How much are you willing to change cities? Are we talking about retrofitting existing cities to better handle hurricanes, or building brand-new ones specifically engineered to be hurricane-resistant?
There are two key weapons a hurricane uses to cause damage. Let's address each in turn:
This is the defining element of a hurricane, and the primary cause of damage. The winds are generally strong enough to break trees and send unsecured objects flying at high speeds. How can we make our cities more wind-resistant?
1. Minimise debris-forming structures.
Road signs, house siding, tree limbs...all these and more can become deadly projectiles in hurricane-force winds. Our hurricane-proof city should minimise all such loose material, replace signs beside the road with signs painted onto the road. Keep light vehicles (cars and motorbikes) inside sealed garages.
Dome-shaped structures are ideal for surviving strong winds - traditional flat-sided buildings present a broad flat sail to the wind, which can and will build up enormous pressure on one side of the structure, often leading to catastrophic collapse. Domed structures, with their sloping walls, have no sail area at all, so the wind simply blows over them. They also present a stronger face to any wind-borne debris. Existing structures could be housed within domes to prevent future damage.
3. Storm shutters.
Of course, you can't eliminate flying debris entirely, so you'd probably want to make sure every structure had steel shutters that could be closed in the event of a storm to prevent windows from being smashed.
4. Elevate critical transportation arteries.
We saw in hurricanes like Katrina and Sandy, cleanup and rescue after the storm was hampered by damage or flooding of critical transport routes.
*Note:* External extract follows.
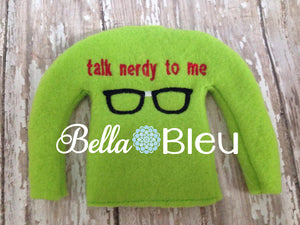 ITH In The Hoop Elf Geek Geeky "Talk Nerdy to me" Sweater Shirt embroidery design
Keeping a few arteries, like highways or rail tracks, a few metres above the surrounding terrain would make them less likely to collect debris, and easier to clear.
1. Build underground.
A city built beneath ground level would be largely immune to high winds, which would simply skate over the surface without touching the majority of the structure. The surface footprint of such a subterranean structure could be in the form of a dome, as well, providing all the previously-mentioned benefits. Transportation networks could also be kept underground, and impervious to wind.
2. Wind baffles
This is a less practical option, but it could work on a large enough scale. Essentially you would have the city surrounded and filled with large concrete (or magitech) baffles which could rotate to face the oncoming wind, effectively lifting the wind above the city and reducing the wind speed on the streets. This would probably be very expensive, though.
In some cases, the storm surge associated with a hurricane can be more devastating than the winds themselves. Storm surge is a sudden rise in sea level caused by the winds blowing additional water ahead of them, and if low-lying parts of a city can be penetrated, they can be deadly. Once water begins flooding low-lying areas, it will likely keep going - and it won't flow out again of its own accord. It would need to be pumped out.
The brute-force approach. Levees are earthen embankments build to keep high waters away from an urban area. They're frequently used on rivers and canals, but they're also used in places to keep the sea back (see dykes in the Netherlands, etc). They're cheap, but once a levee is breached things are quickly going to get very bad.
2. Build high and strong.
Flood waters can be deadly. They carry debris and disease, and can quickly overwhelm and drown unprepared citizens. Thus you'll want to be sure that everyone has some high ground they can easily reach. The easiest high ground, of course, would be the upper storey of their own homes, so all houses should have at least two storeys. They should also have a way to get out of the upper story, in case flood waters begin to rise even above that point - in Hurricane Katrina, many people were drowned in their own attics because they could not get out. This is another case where building elevated infrastructure would help.
3. Flood gates.
These are the more advanced relatives of the levees mentioned earlier. Flood gates are literally heavy gates that can be closed across choke points like harbour entrances to keep high waters from passing through into the populated area behind. They're expensive, and can't protect areas along a very broad front, but they are practical in some situations.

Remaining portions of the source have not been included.